| name | tech-selection-research |
| description | エンジニアの技術選定・比較調査を、要件の言語化から根拠ある推奨まで導くスキル。Claude Code 環境での利用を前提とし、各候補の調査をサブエージェント(candidate-researcher)に委譲して本線のコンテキストを汚さず進め、公式ドキュメント等の原文引用つき図解HTMLレポートにまとめる。生成後の「なぜ/もっと調べて」は該当候補の深掘りに、「修正したい」は report-revision に振り分ける。ライブラリ・フレームワーク・クラウドサービス・DB・認証方式・アーキテクチャパターンなどの選定に使う。「技術選定」「ライブラリ比較」「どれを採用すべき」「AとBどっちがいい」「〜の選び方」といった語が出たとき、また明示的に「比較して」と言われなくても複数の技術的選択肢から1つを選ぶ判断が絡む相談では必ずこのスキルを使うこと。 |
技術選定・比較調査(tech-selection-research)
技術選定は「情報を集める」作業ではなく「判断可能な形に情報を整理する」作業である。Claude Code での実行を前提とし、本線(オーケストレーター)は段取りと統合に徹し、重い調査はサブエージェントへ委譲して本線コンテキストを汚さない。
関連スキル/エージェント:
- 各候補の調査 → candidate-researcher サブエージェント(
.claude/agents/candidate-researcher.md)
- 裏取り → source-verification スキル(サブエージェント側で適用)
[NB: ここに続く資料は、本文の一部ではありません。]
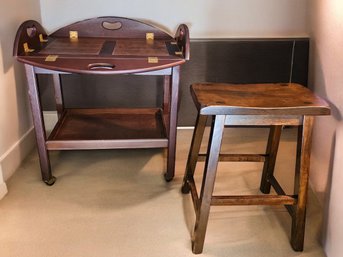 Vintage Butler's Tray Rolling Cart And Counter Stool #103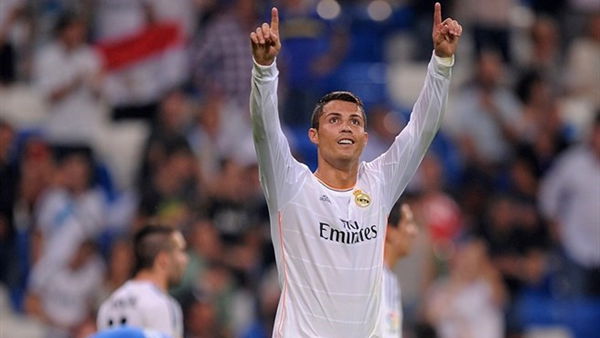 Cristiano Ronaldo clebrates his double for Madrid  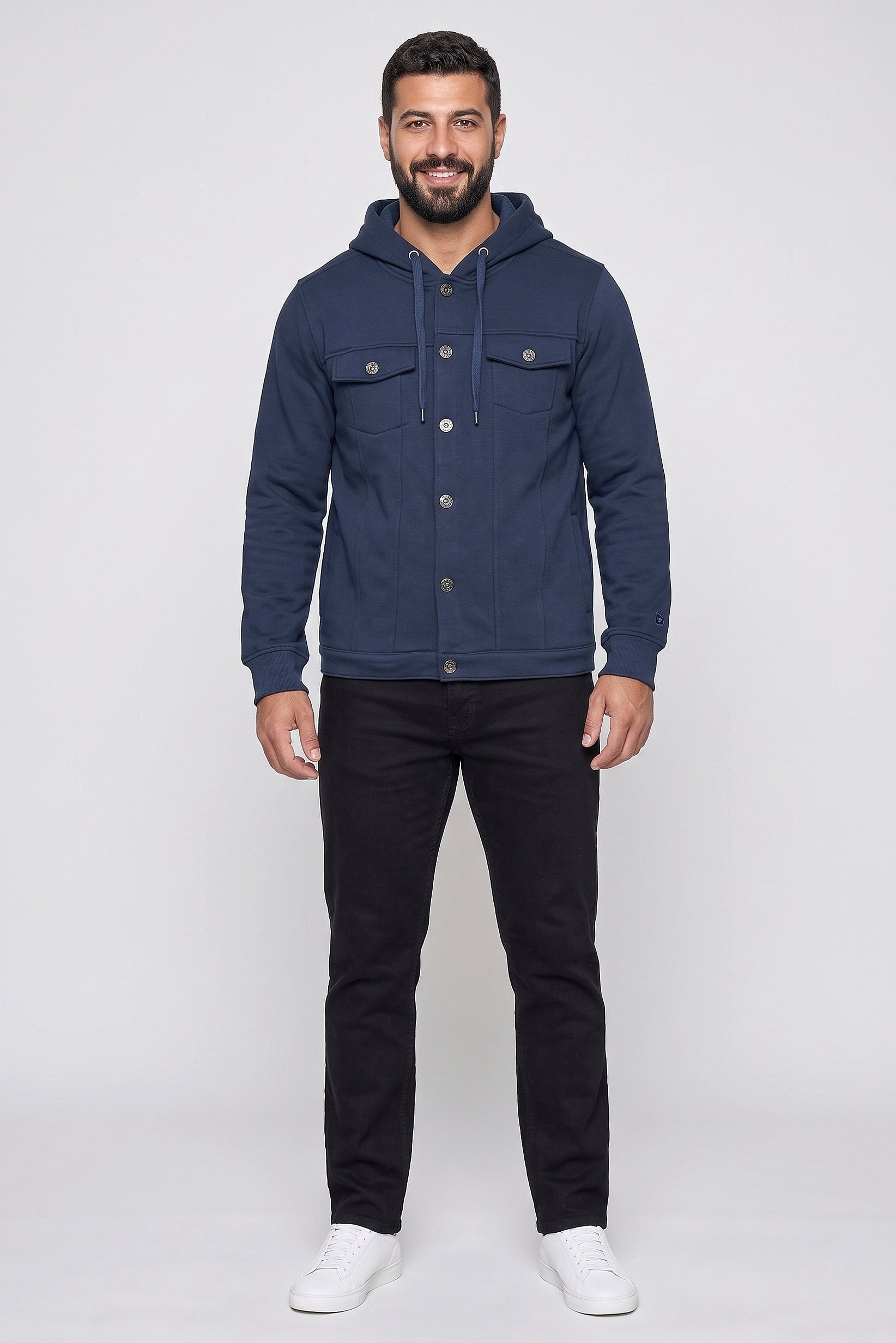 Men Solid Hooded  Jacket, Navy Blue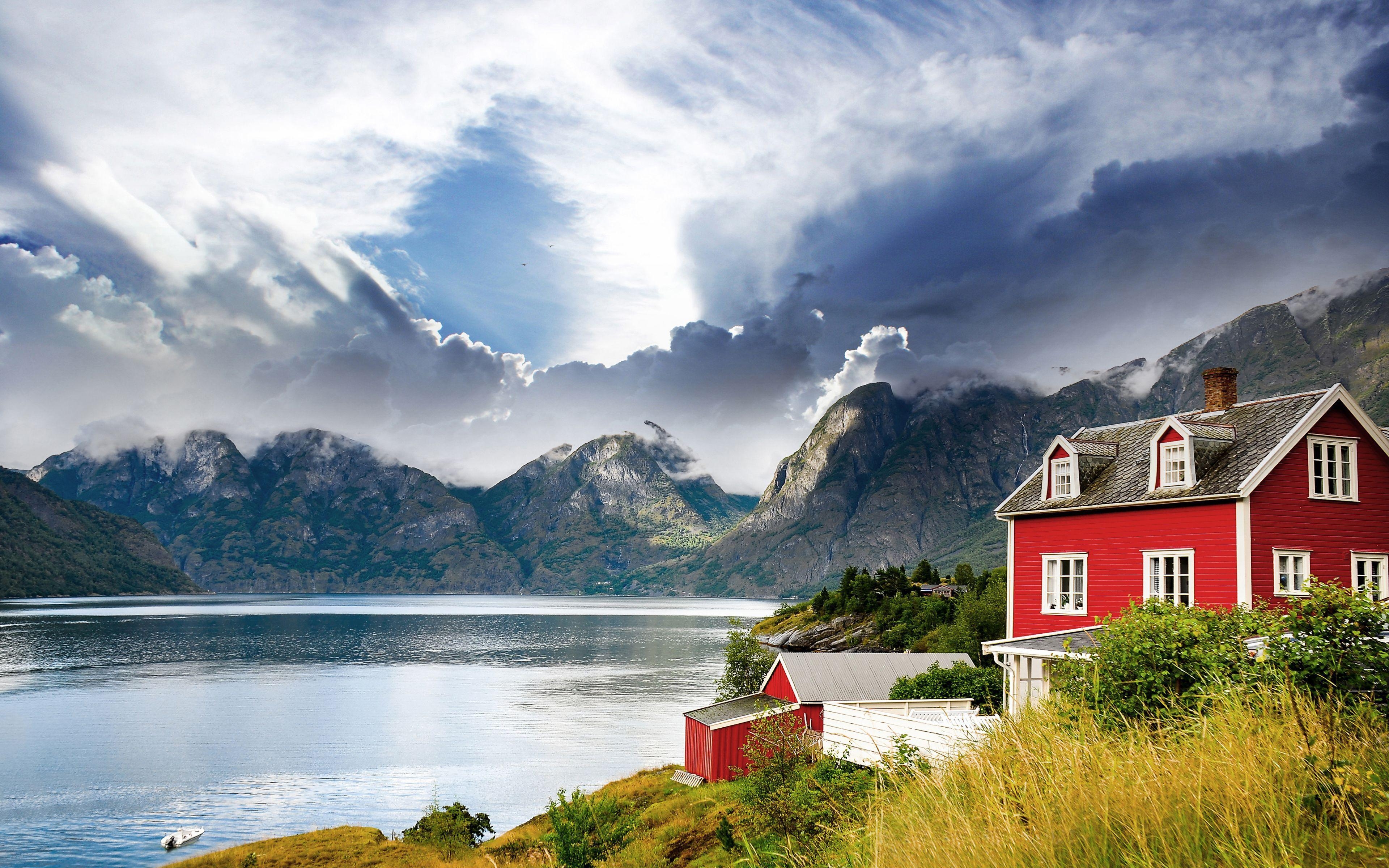 山背景, 美しい家, ノルウェー, 壁紙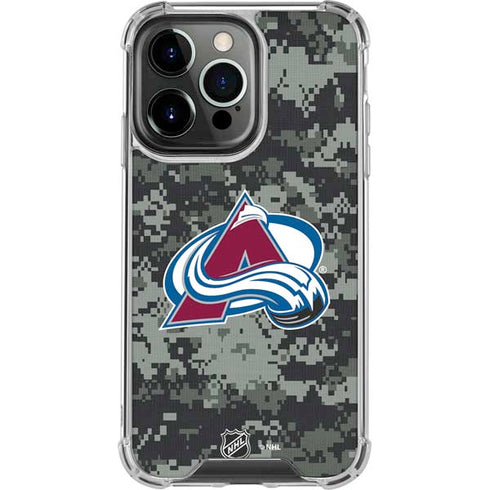 NHL Colorado Avalanche Camo iPhone 14 Pro Clear Case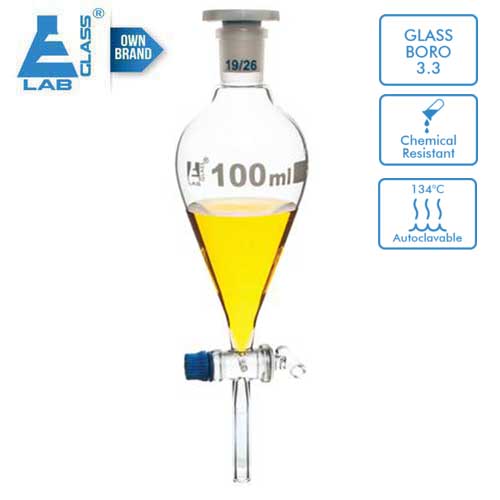 Separating Funnel Glass Stopcock 100-2000ml 19/26-29/32 LABGLASS USA
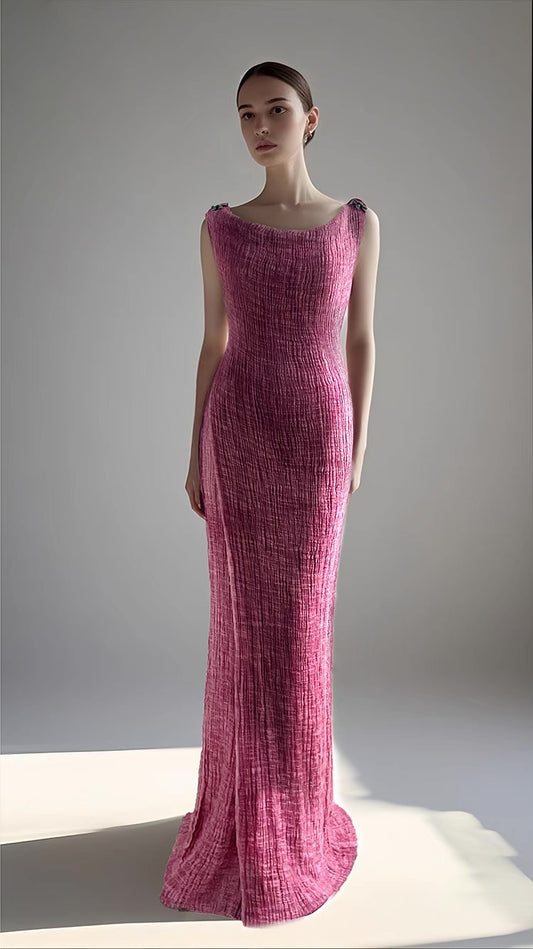 Unsaturated Vintage Rose Pink Textured Cotton Sleeveless Maxi Dress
- 成果物のHTML化 → research-writeup の生成器(
assets/render.py)
- 生成後の修正 → report-revision スキル
全体の流れ
- 要件・制約の明確化(本線)
- 候補の洗い出しと絞り込み(本線)
- 評価軸の設定(本線)
- 候補ごとに candidate-researcher へ委譲(並列可)
- 返ってきたJSON断片を統合(本線)
- トレードオフの整理(本線)
- research-writeup で原文引用つき図解HTMLを生成(本線)
- フォローアップ(深掘り / 修正)への対応(本線)
1. 要件・制約の明確化
何のための選定かを言語化する。要件が出ていなければ先に確認する:目的、制約(性能・スケール・予算・既存スタック・習熟度・運用・法規制)、must と want の区別、時間軸。要件が曖昧なまま候補調査に進まない。
2. 候補の洗い出しと絞り込み
must 条件で足切りし 2〜4 個に絞る。何を残し何を落としたかを記録する。
3. 評価軸の設定
既定軸を土台に案件へ合わせ、must 由来の軸に重み(◎/○/△)を付ける。既定軸:機能適合性 / 性能 / コスト(初期・運用) / 学習コスト・開発体験 / エコシステム / 保守性・将来性 / ライセンス / セキュリティ。
4. 候補ごとに委譲
候補ごとに candidate-researcher を Task で起動する。本線の全文脈は渡さない。 渡すのは:候補名 / 評価軸(重み) / must・want / JSON断片の出力パス。各サブエージェントは独立コンテキストで一次情報を原文引用しながら裏取りし、findings 用のJSON断片(主張+原文引用+バッジ+任意のscores)を書き出し、本線には要約だけを返す。独立候補は並列、相互依存があれば逐次。
5. JSON断片の統合
各サブエージェントが書いた断片を集約し、research-writeup の data.json を組み立てる:
findings = 各候補の断片を連結
comparison = 各断片の主要所見から要点表を作成(セルに inline 出典URL)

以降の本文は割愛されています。